On a typically hot and humid July day in Stonetown, the capital of Zanzibar, a gaggle of children, teenagers and the odd parents watched our small drone take flight. My colleagues Makame Makame, Khamis Haji and I had finally found the perfect launch spot.
With a high-pitched humming, the drone took to the air. It sounded like a big mosquito—appropriate, since we were testing the use of drones for mapping aquatic malaria habitats. These shallow sunlit water bodies teem with mosquito larvae. In a matter of days, the larvae will emerge as adult mosquitoes in search of a blood meal. If one of those mosquitoes bites a human infected with malaria, it will become a vector for the disease and continue its deadly transmission cycle.
Zanzibar is a Tanzanian archipelago off the coast of East Africa. Both it and mainland Tanzania have fought a long, well documented battle with malaria. Globally, the disease infects over 200 million people annually and is responsible for killing approximately 500,000 people each year.
The Millennium Development Goals prompted a number of large scale campaigns across sub-Saharan Africa to combat malaria. Millions of bed nets were distributed. Insecticide was supplied to spray in homes across communities. The aim was to stop people getting bitten, interrupting the transmission cycle.
It’s been a real success story, leading to a notable decrease in the disease’s prevalence. Some areas of Zanzibar have seen prevalence levels drop from 40 percent of the population having malaria to less than 1 percent.

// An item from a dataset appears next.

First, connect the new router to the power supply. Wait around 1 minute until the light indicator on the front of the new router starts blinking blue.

Now epidemiologists and public health managers are looking to complement indoor-based nets and spraying with outdoor based solutions. In effect, they’re taking the battle to mosquitoes. And drones are a crucial part of their armory. One of the main challenges to disease managers is finding small water bodies that mosquitoes use to breed. This is where drones come in—for the first time, drone imagery can be captured over large areas which can be used to create precise and accurate maps of potential habitats.
We know that once an adult mosquito has fed and rested, it will typically go in search of a mate. Then it moves on to a suitable location—an aquatic habitat like the fringes of river channels, roadside culverts and irrigated rice paddies—to lay its eggs.

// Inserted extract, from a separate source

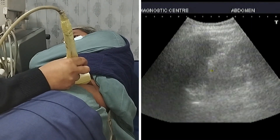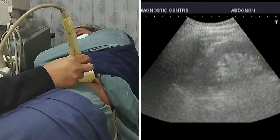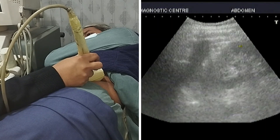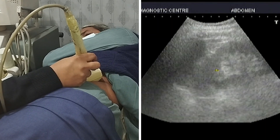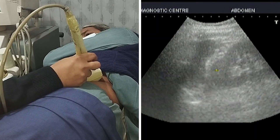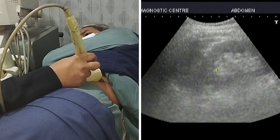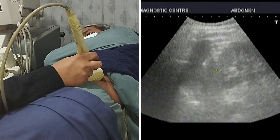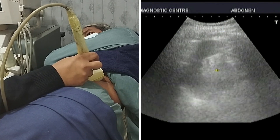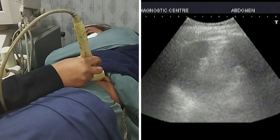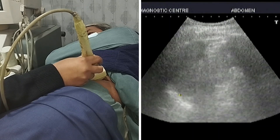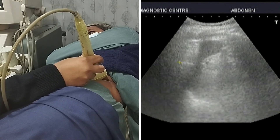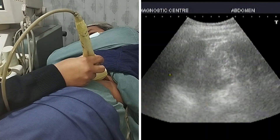I will put my probe in the mid-axillary line just below the rib cage. Here I have put my probe and this is the left kidney, which is easily and immediately visible under my probe. When I focus the left kidney, I will tilt my probe a little bit downward — and this is the spleen. This semi-lunar structure visible on the screen is the spleen.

Public health authorities need to be able to locate and map these water bodies so they can be treated using a larvicide like DDT. This process is known as larval source management, and was successfully used in Brazil and Italy many decades ago. There, the DDT killed mosquito larvae—but could also be devastating for local ecology as well as having adverse effects on human health.
Today much safer, low toxicity replacements have been developed. The problem is that they come at a cost. Resources are also needed to disseminate the larvicide and to locate the water bodies that host the mosquito eggs and larvae. Some of these hideaways are tough to find on foot, and if water bodies aren’t accurately mapped a larvicide campaign could end up being a waste of time.
My institution, Aberystwyth University in Wales, is working with the Zanzibar Malaria Elimination Programme to fly drones over known malaria hot spots.
In 20 minutes, a single drone is able to survey a 30 hectare (74 acre) rice paddy. This imagery can be processed and analysed on the same afternoon to locate and map water bodies. This has proved to be highly accurate and efficient. This is all using one of the most popular off-the-shelf drones, the Phantom 3 made by DJI. These are about the size of a shoebox, weighing a little more than a bag of sugar (about 2.6 pounds) and are used throughout the world for both leisure and commercial photography.
We started off working in test locations across Zanzibar but now, with the support of the Innovative Vector Control Consortium—a non-for-profit partnership aiming to create novel solutions for preventing disease transmission—we’re widening our range to explore how this technology can be incorporated into operational malaria eliminating activities.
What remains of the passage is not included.